Il ajoute que les responsables jordaniens ont salué le travail effectué par Israël pour trouver des solutions au problème du manque d’eau dans la région.

« Quand ils ont évoqué Israël à ce sujet, » renchérit Lindholm, « ils se sont montrés très élogieux ».

La politique étrangère au premier plan

Les potentiels candidats républicains à la Maison Blanche ont pris la parole devant le club alors que les primaires se profilent à l’horizon. Le gouverneur de Floride, Ron DeSantis, s’est adressé aux membres du groupe au mois de septembre dernier, et l’ancien vice-président américain Mike Pence a été au cœur d’un événement organisé au mois d’avril.

L’ancien vice-président américain Mike Pence pendant un rassemblement à Manchester, dans le New Hampshire, le 17 août 2022. (Crédit : AP Photo/Charles Krupa)

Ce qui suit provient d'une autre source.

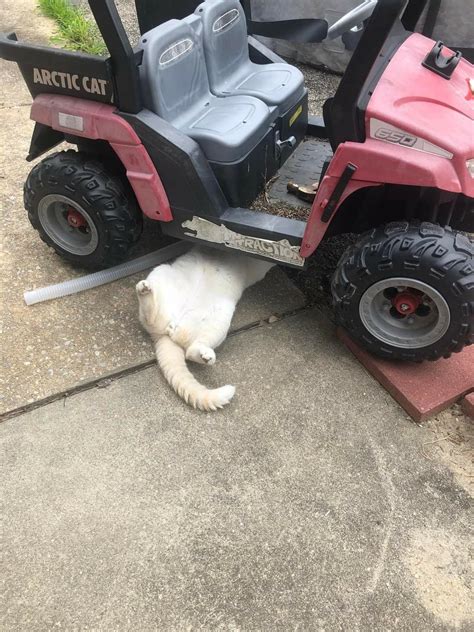 Pin By Mary Lowery Nelson On Cute Overload Riding Lawnmower Push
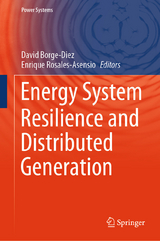 Energy System Resilience and Distributed Generation - 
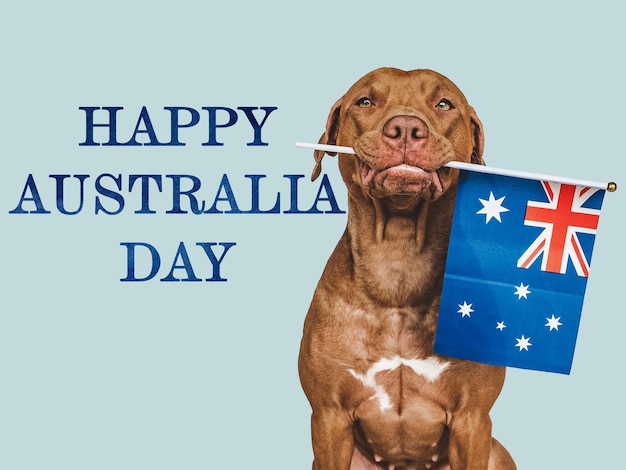 Lovable charming puppy and Australian Flag Closeup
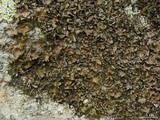Lasallia pensylvanica image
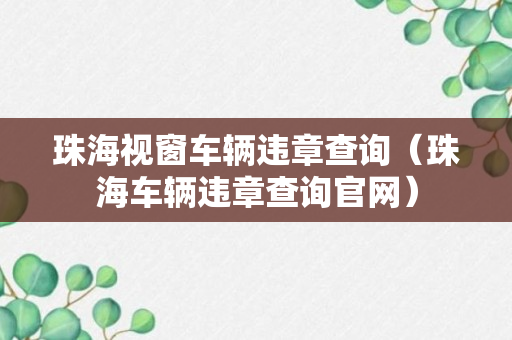 珠海视窗车辆违章查询（珠海车辆违章查询官网）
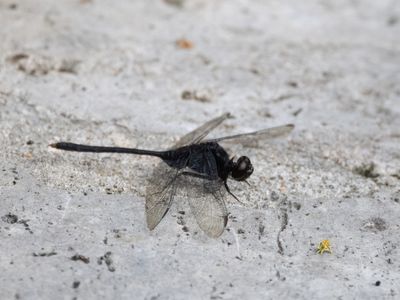 Pin-tailed Pondhawk / Erythemis plebeja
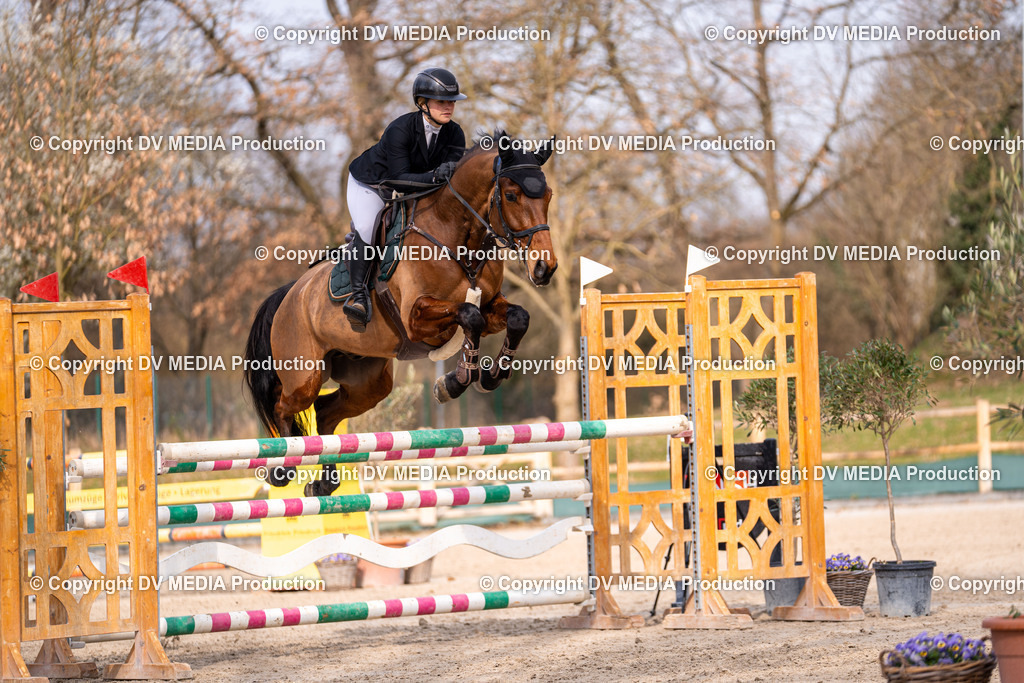 Kranichstein Tag 2-1563 | dv-media-shop - Realisiert mit Pictrs.com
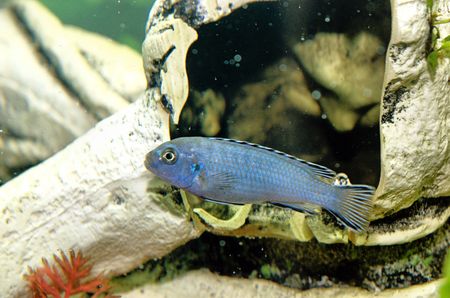 blue african cichlidの写真素材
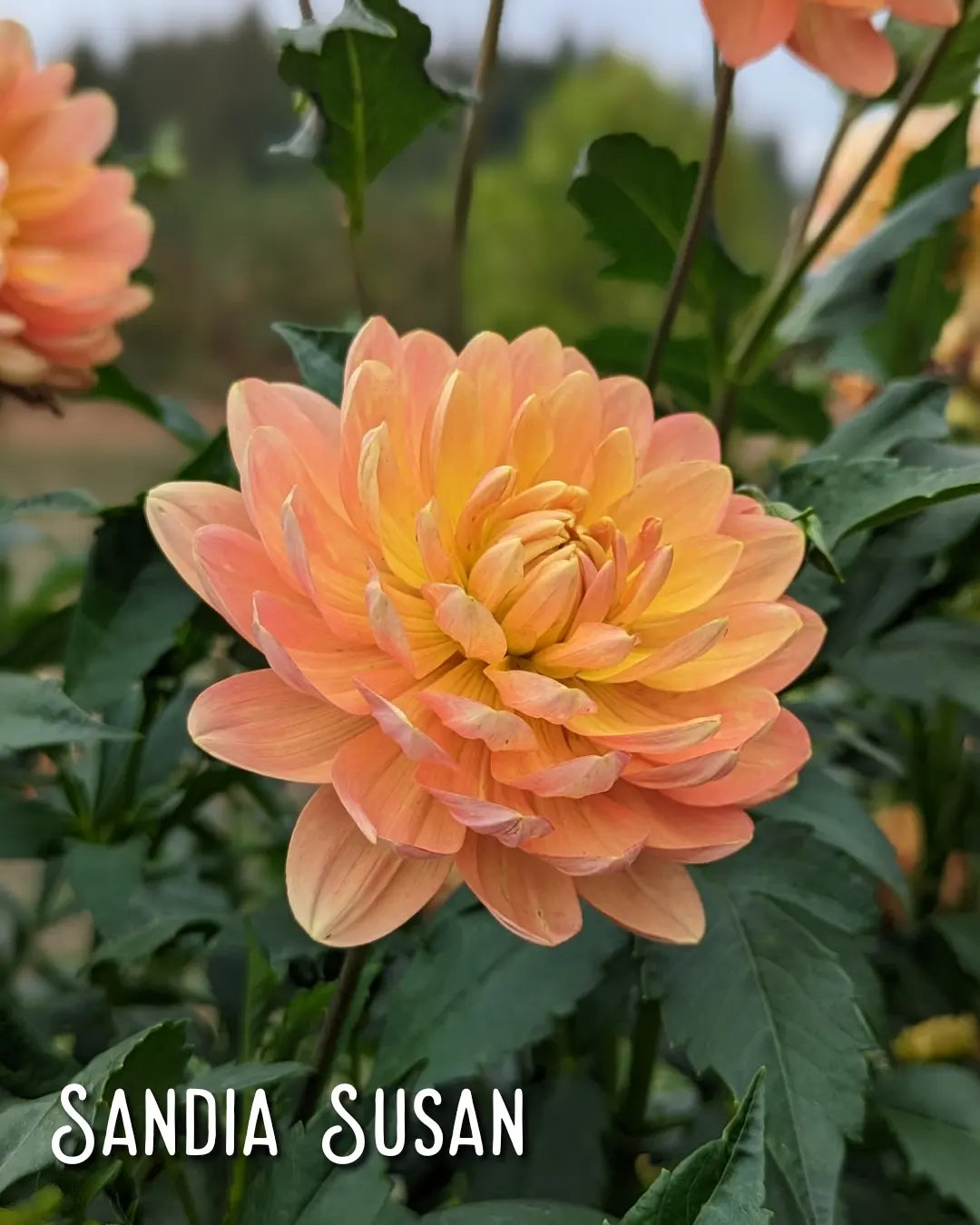 Sandia Susan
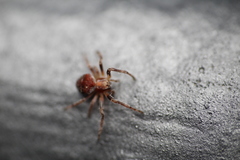 Araneidae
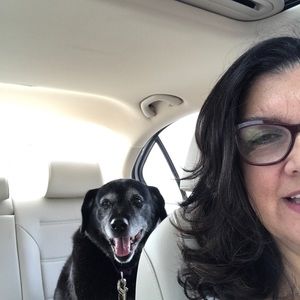 Meet your Posher, Donna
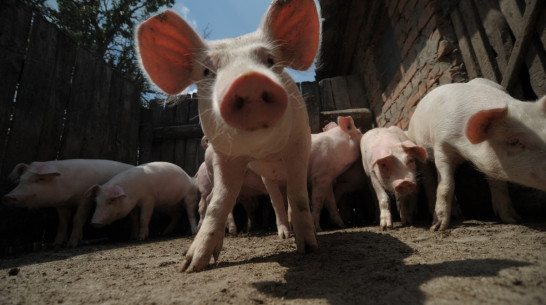 Группа «Черкизово» вложит 6 млрд рублей в производство мяса в Воронежской области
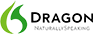Dragon Naturally Speaking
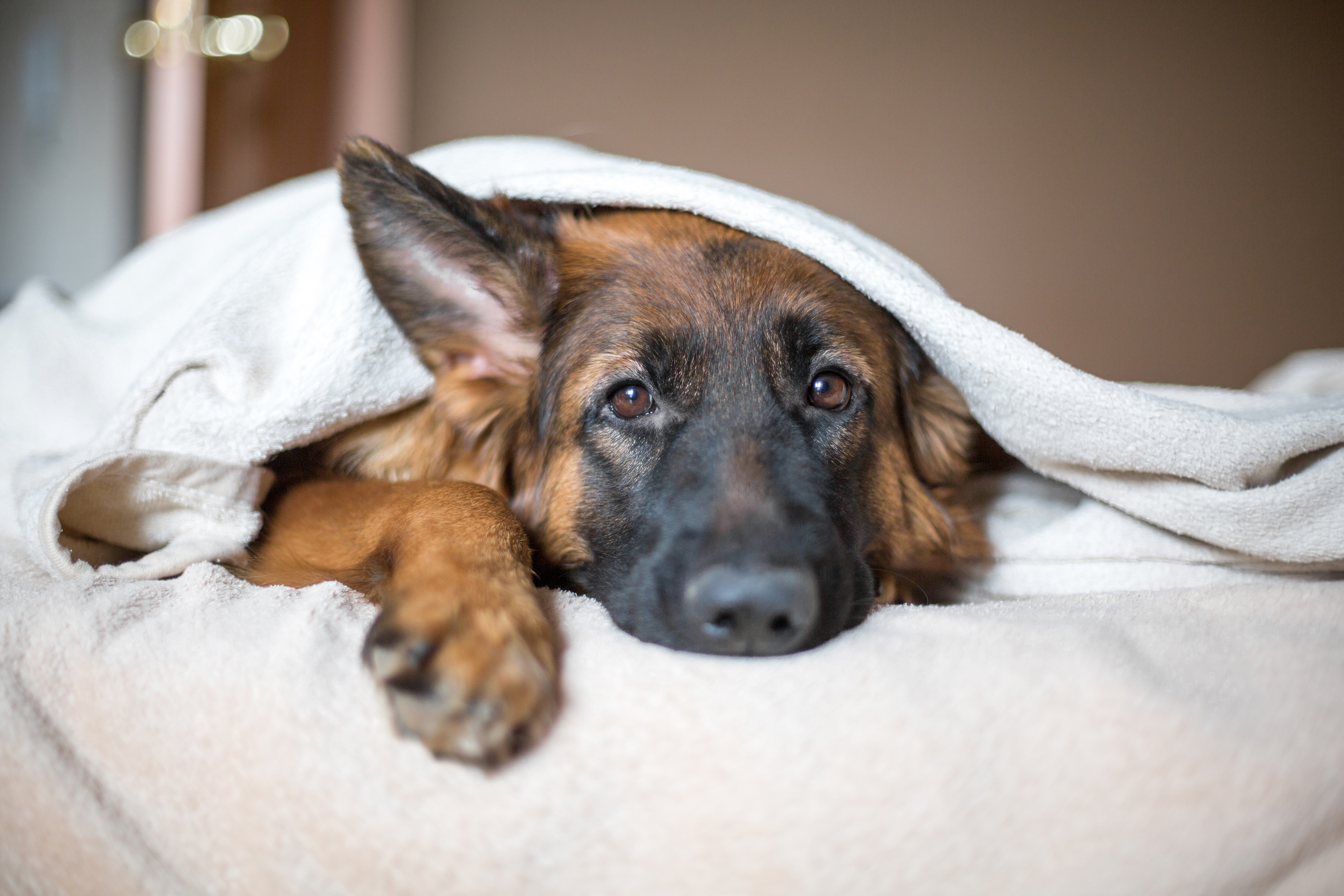 Dog coughing best sale up white mucus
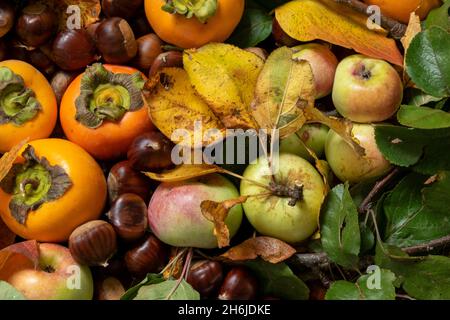 Primo piano dei frutti autunnali. Mele fresche crude, kaki e castagne, concetto di cibo sano Foto Stock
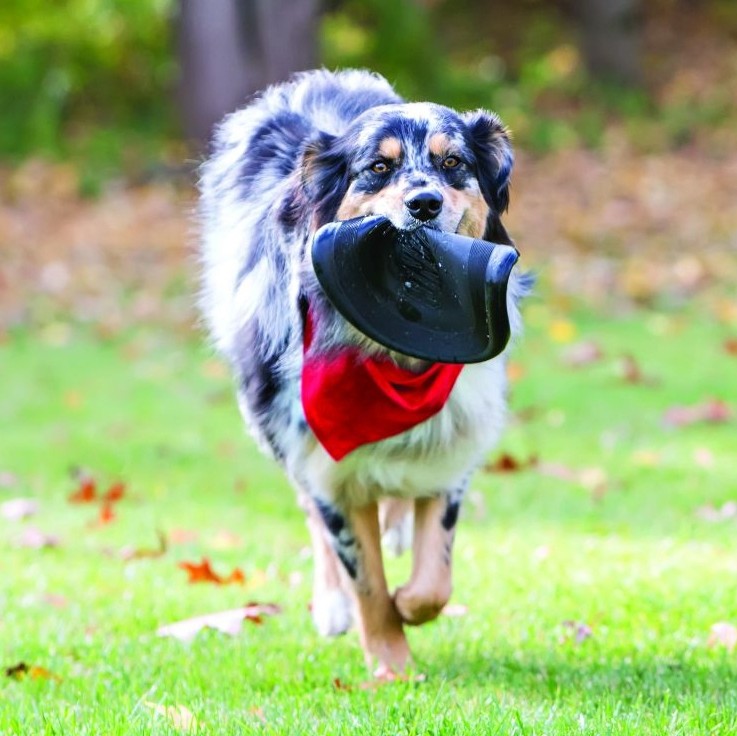 Frisbee Flyer Extrême Kong chien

« Entre ces deux personnalités et personnellement, je pense véritablement que DeSantis est l’avenir du parti républicain », s’exclame Lei Wang, représentant d’une firme immobilière chinoise majeure aux États-Unis. « Mais il pourrait ne pas avoir la chance, cette fois-ci, d’obtenir la nomination. Je pense encore que c’est Trump qui l’emportera s’il ne rencontre pas sur son chemin de déboires judiciaires ».

DeSantis a annoncé sa candidature mercredi soir lors d’un entretien avec Elon Musk, le directeur-général de Twitter.

« Au bout du compte, nous voulons gagner », a expliqué Sayago. « Je pense que les républicains en ont assez. Nous pensions que nous remporterions le sénat, nous ne l’avons pas remporté. Mais je pense pour être juste qu’aujourd’hui, la réalité, c’est que la majorité de ces candidats sont trop timides, qu’ils restent dans l’ombre parce qu’ils attendent comment les choses vont se passer pour Trump – parce que Trump reste, quoi qu’on en dise, un sujet brûlant ».

Même si une tendance bipartisane nette, aux États-Unis, semble favoriser une réduction de l’engagement américain au Moyen-Orient, les membres du Lincoln Club œuvrent à inverser ce qu’ils considèrent comme une erreur stratégique.

« Ce qui se passe avec l’Iran et avec l’Arabie saoudite est un grand problème pour moi », dit Sayago en évoquant le rapprochement récent entre l’ennemi juré d’Israël et le royaume arabe avec lequel Netanyahu tente d’établir des relations diplomatiques.

« J’ai personnellement le sentiment que les États-Unis doivent s’impliquer parce qu’Israël est au premier plan de tout le reste, de notre point de vue », poursuit-il. « D’ici deux ans, nous aurons des élections. Je pense que nous serons capables de nous saisir à la fois de la présidence et du sénat. Je veux garantir que les candidats ont bien conscience de ce que sont nos convictions d’un point de vue purement commercial et de ce qui est important pour nous en matière de protection. Les affaires étrangères sont importantes, même si nous avons, nous aussi, nos propres problèmes ».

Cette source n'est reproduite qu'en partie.